Reproduce the whole listing, character for character.

Segment Start: AVAILABLE DATA

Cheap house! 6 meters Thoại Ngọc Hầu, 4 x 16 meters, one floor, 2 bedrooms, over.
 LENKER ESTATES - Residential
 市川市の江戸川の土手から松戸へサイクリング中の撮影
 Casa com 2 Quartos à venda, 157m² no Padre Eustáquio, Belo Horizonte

Segment End: AVAILABLE DATA

**WRITTEN SOLUTION:**
Cheap house! 6 meters Thoại Ngọc Hầu, 4 x 16 meters, one floor, 2 bedrooms, over.
 LENKER ESTATES - Residential
 市川市の江戸川の土手から松戸へサイクリング中の撮影
 Casa com 2 Quartos à venda, 157m² no Padre Eustáquio, Belo Horizonte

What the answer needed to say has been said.